→ Task directions:
Begin at the line containing "PTC MZ3-B-47ROM 47" in the data below and go on through the line containing "do press release distribution in 24hrs", repeating each line exactly; include both ends and no other line.

→ Input data:

* * *

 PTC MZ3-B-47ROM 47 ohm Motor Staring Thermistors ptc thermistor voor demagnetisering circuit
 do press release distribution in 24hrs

* * *

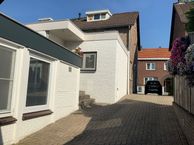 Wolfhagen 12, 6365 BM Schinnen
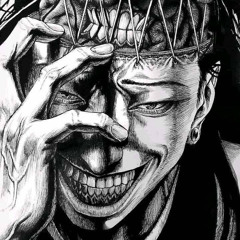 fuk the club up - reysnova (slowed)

* * *

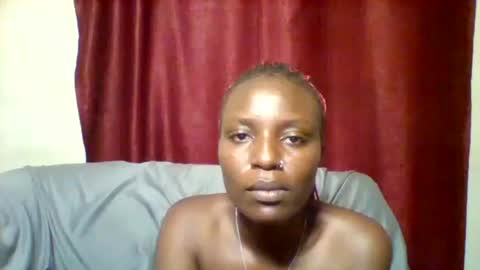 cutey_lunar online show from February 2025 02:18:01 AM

* * *

→ Result of this exercise:
 PTC MZ3-B-47ROM 47 ohm Motor Staring Thermistors ptc thermistor voor demagnetisering circuit
 do press release distribution in 24hrs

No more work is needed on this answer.